Kinetics of single-turnover DNA adenylylation and nick sealing by pre-adenylylated ChVLig-AMP. A Kintek RQF3 rapid chemical quench apparatus was used to assay the reaction of nicked DNA with a 10-fold molar excess of preformed ChVLig-AMP at 22 °C in the absence of added ATP, in the range of 0.1–5-s reaction times.

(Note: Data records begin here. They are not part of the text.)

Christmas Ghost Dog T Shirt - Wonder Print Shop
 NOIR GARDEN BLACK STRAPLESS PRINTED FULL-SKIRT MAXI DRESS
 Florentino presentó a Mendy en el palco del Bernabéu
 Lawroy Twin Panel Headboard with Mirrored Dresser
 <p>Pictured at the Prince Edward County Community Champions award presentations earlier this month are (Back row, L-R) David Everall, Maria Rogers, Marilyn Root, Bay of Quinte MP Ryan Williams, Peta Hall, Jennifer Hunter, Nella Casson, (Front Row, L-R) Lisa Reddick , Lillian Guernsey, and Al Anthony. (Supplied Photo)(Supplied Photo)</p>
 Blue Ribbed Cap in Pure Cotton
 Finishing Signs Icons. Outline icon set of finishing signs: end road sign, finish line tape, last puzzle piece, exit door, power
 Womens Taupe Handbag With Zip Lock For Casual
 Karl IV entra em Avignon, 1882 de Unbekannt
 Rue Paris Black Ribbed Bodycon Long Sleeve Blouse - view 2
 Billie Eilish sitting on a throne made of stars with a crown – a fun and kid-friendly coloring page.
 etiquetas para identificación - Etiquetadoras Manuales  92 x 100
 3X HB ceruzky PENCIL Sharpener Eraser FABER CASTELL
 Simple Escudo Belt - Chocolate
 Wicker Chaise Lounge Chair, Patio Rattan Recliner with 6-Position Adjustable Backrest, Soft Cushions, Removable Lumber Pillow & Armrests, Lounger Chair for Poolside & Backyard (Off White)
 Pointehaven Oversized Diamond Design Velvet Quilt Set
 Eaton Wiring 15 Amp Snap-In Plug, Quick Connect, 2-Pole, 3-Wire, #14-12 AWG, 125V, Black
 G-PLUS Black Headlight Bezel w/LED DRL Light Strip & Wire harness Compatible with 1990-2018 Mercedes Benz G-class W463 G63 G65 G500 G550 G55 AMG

Where applicable, longer reaction times were assayed manually. The reaction mixtures contained 50 mm Tris-HCl (pH 7.5), 5 mm DTT, 10 mm MgCl₂, 500 nm wild-type or mutant ChVLig-AMP, and 50 nm 5′ ³²P-nick-labeled DNA substrate. The rapid kinetic measurements were initiated by mixing two buffer solutions (20 μl each of 50 mm Tris-HCl, pH 7.5, 5 mm DTT, 10 mm MgCl₂) containing 100 nm nicked DNA substrate and 1 μm ChVLig-AMP, respectively. The reactions were quenched by rapid mixing with 110 μl of 90% formamide, 50 mm EDTA. The products were analyzed by denaturing PAGE, and the distributions of ³²P-labeled DNAs (as sealed 36-mer DNA product, 18-mer AppDNA intermediate, and residual 18-mer pDNA substrate) were quantified by scanning the gels. The rate of step 2 catalysis (DNA adenylylation) was gauged by plotting the sum of AppDNA plus sealed DNA (see the reaction scheme in the top left panel) as a function of reaction time for the wild-type and mutant ChVLig preparations. Each datum in the graphs is the average of three separate kinetic experiments ±S.E. Nonlinear regression curve fitting of the data to a single exponential was performed in Prism; the calculated step 2 rate constants are compiled in Table 3.